Which meant he understood clearly in that moment that the world had nothing left to take from him.

The Book had not yet appeared.

The Unwritten Ink had not yet begun to flow. But in the cold eastern garden standing over the grave of the only person who had ever looked at him and seen something worth seeing

the essential nature of Xuan Ye was established completely and permanently.

Not cruelty.

Not ambition in the ordinary sense.

Not the hunger for power that drove a thousand young cultivators into the wilderness every year with dreams of becoming Heroes.

Something quieter and more absolute.

He would make himself into the kind of thing that the world could not ignore.

Not to be loved by it.

Not to be feared by it exactly.

But to make it impossible for the world to ever again proceed as though he did not exist.

As though the people it discarded did not exist.

He would become so real

so undeniably present

so far beyond the categories the world used to decide what mattered

that no system

no clan

no empire

no set of Heavenly Laws

Not even gods

could ever again perform the administrative cruelty of declaring something worthless and then simply walking away.

He would break the ladder.

Not for revenge.

For her.

He spared the Xuan Clan entirely.

Every Elder.

Every disciple.

Even his father

who eventually emerged from his chamber three days after Shen Yue's burial

noticed the flat stone in the garden and stood before it for a long time with an expression that Xuan Ye watching from the window he could not fully read what his father thought but he would never forgive him.

He spared them because destroying them would not make his mother happy.

his mother had told him that anger burns the one who carries it more than the one it is aimed at.
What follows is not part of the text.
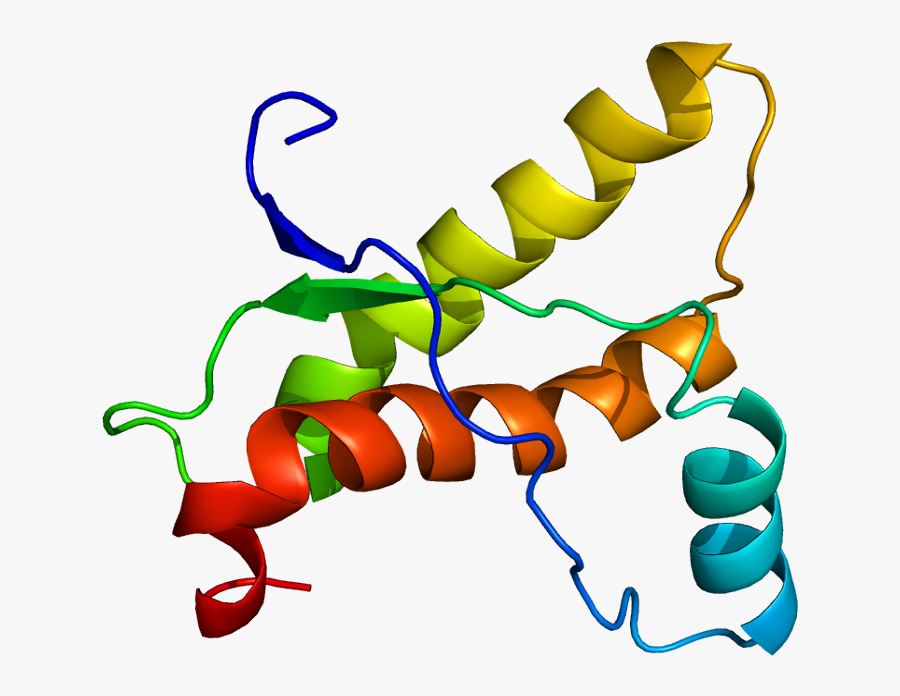 A Healthy Prion Protein - Protein Prion, Transparent Clipart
He had not agreed with her then.

But now he felt it his anger could have killed him if it weren't for his mother advise.

He would let them live.

He would let them continue their careful hierarchical and resource-managed lives in their closed-door chambers and their lacquered chairs.

He would let them believe that the mortal boy they had abandoned

In the future will look at the finite universe as nothing more than a dream

And he would become the thing that made the ladder itself irrelevant.

That his decided will be a more complete form of destruction.